# Firearms and Shooting > Archery >  Bow Hunt Trip

## Dougie

Anyone in the Wellington/Wairarapa area who is keen to take this muppet on a bow hunt? Must not be afraid of the camera, I'd love to give this a go. Depending on how it goes, might be able to score some sponsored gear.

Any takers?

----------


## scoped

goats or deer and do you have a bow

----------


## Dougie

No bow, not even fired (fired?) a hunting bow in my life.
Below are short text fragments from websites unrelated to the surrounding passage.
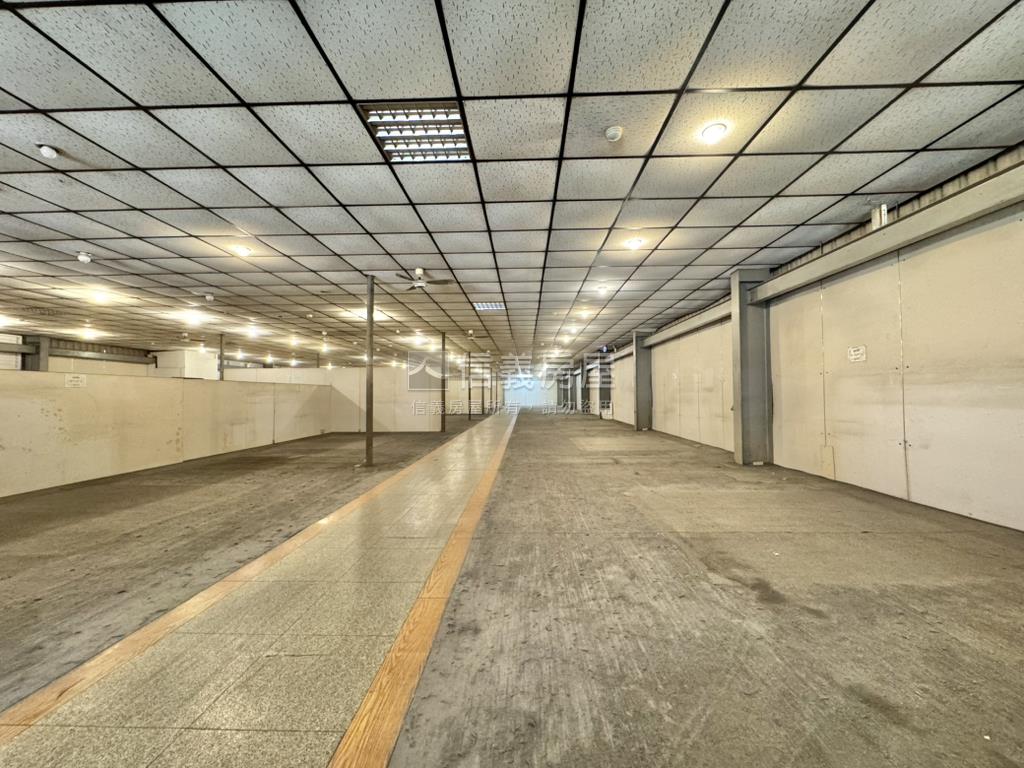 鳳屏二路正路甲工土地房屋室內格局與周邊環境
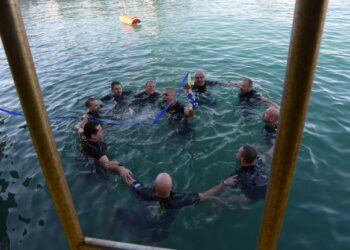 Στον Πειραιά για την τελετή αγιασμού των υδάτων ο ΥΝΑΝΠ κ. Γιάννης Πλακιωτάκης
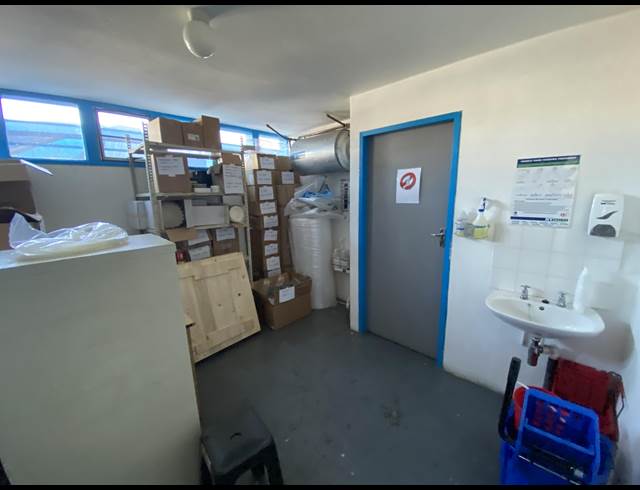 269M² WAREHOUSE TO LET IN SPRINGFIELD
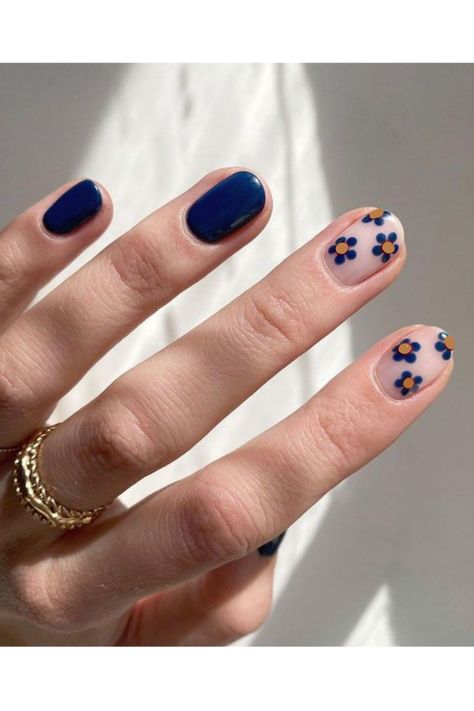 Cute Natural Gel Nails, Acrylic Nails Simple, Summer Flower Nails, Floral Nail Design, Nails Short Acrylic, Minimal Nails Art, Hello Nails, Hippie Nails, Subtle Nails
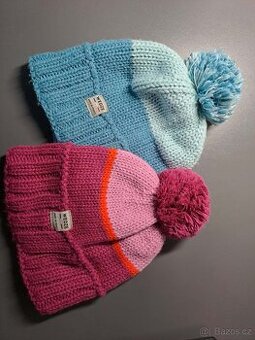 2 zimní čepice, dvojčata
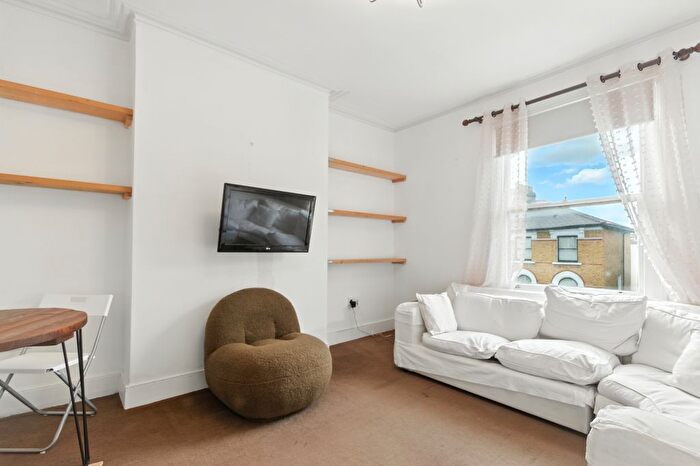 2 Bedroom Flat To Rent In Hackney, London, N4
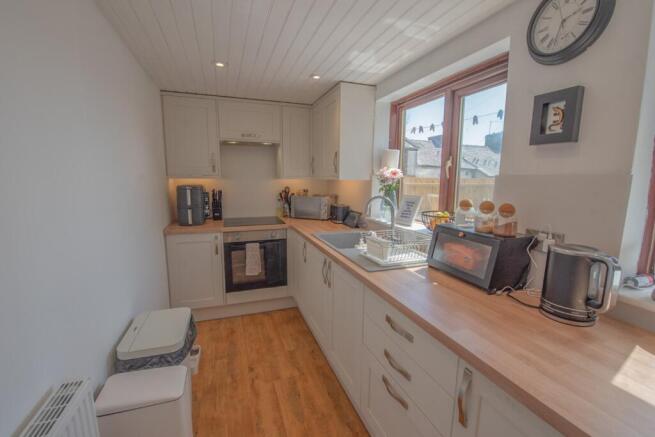 3 bed Terraced for sale Image 4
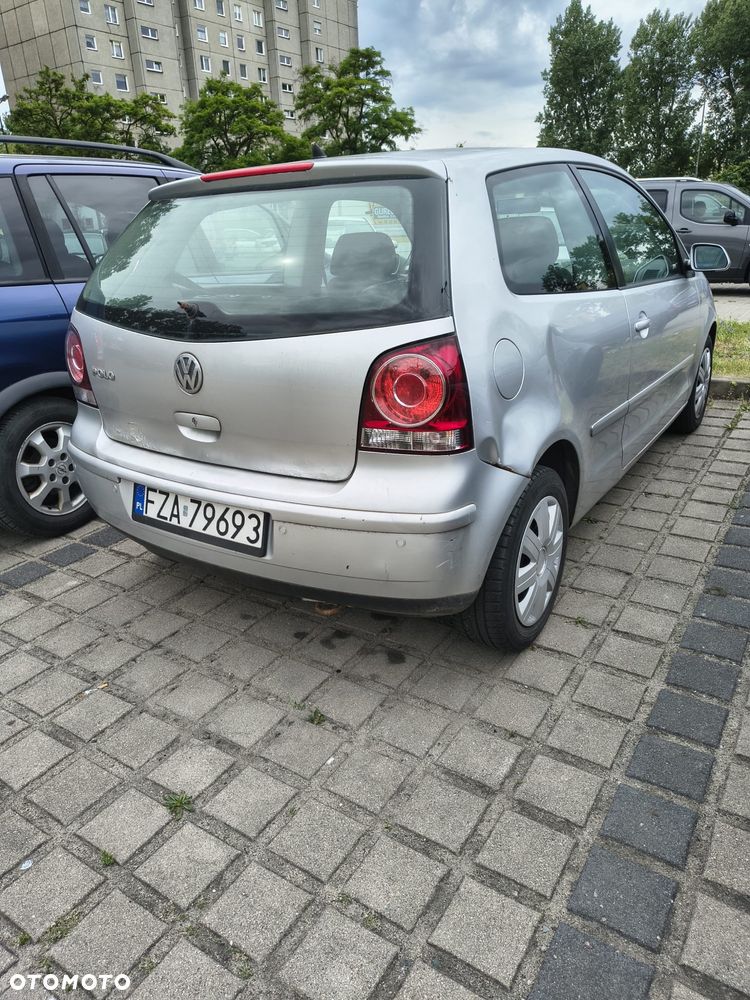 Volkswagen Polo - 2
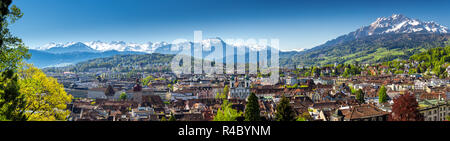 Historic city center of Lucerne with famous Chapel Bridge and lake Lucerne (Vierwaldstattersee), Canton of Luzern, Switzerland. Stock Photo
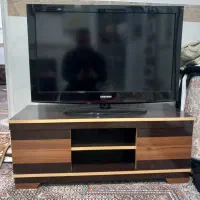 تلوزیون و میز تلوزیون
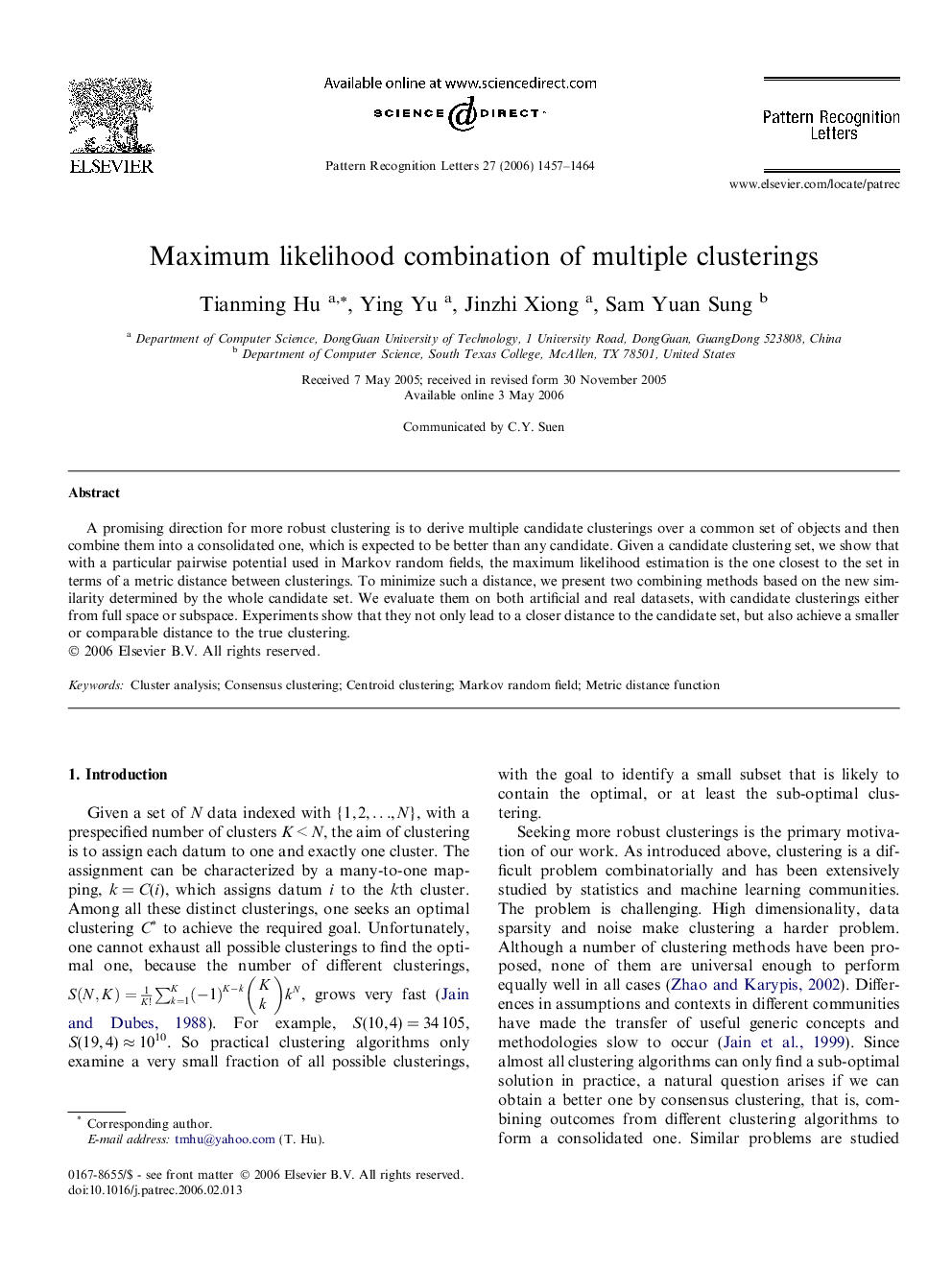 Maximum likelihood combination of multiple clusterings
Not bothered on animal. Need some target practice first!

----------


## Matt2308

Pity your on the other island, if it were down nearer ChCh then could have sorted something.

----------


## Feral

really need a bow to start on - there's a lot to take on when you start with a bow, and if you have a compound then it needs to have the draw length and poundage set to your size and strength. Shooting accuracy and safety really depends on a correct set up. Not trying to turn you off, just saying that there's a bit involved to do it properly, and a learning curve to get the basics of bow shooting right.

----------


## Feral

Just to add to that, PM me if you can get to Palmy some time and I'll adjust my son's bow to suit and give you an intro to shooting. The other place to look at is popping in to the Kapiti Archery club up in Waikanae (Reikorangi). They have recurves and someone can introduce you to it there.

----------


## Dougie

Sounds awesome, I shall get back to you via PM  :Have A Nice Day:

----------


## buckles1

Careful! once you try it you will be hooked!!

----------


## Dougie

> Careful! once you try it you will be hooked!!


Hey bro, you called it.....totally addicted now.

----------


## Nimoy5414

> Hey bro, you called it.....totally addicted now.


Seems professional attitude...

----------


## Dougie

> Seems professional attitude...


?

----------


## screamO

> ?


Drinking and posting I think :ORLY:

----------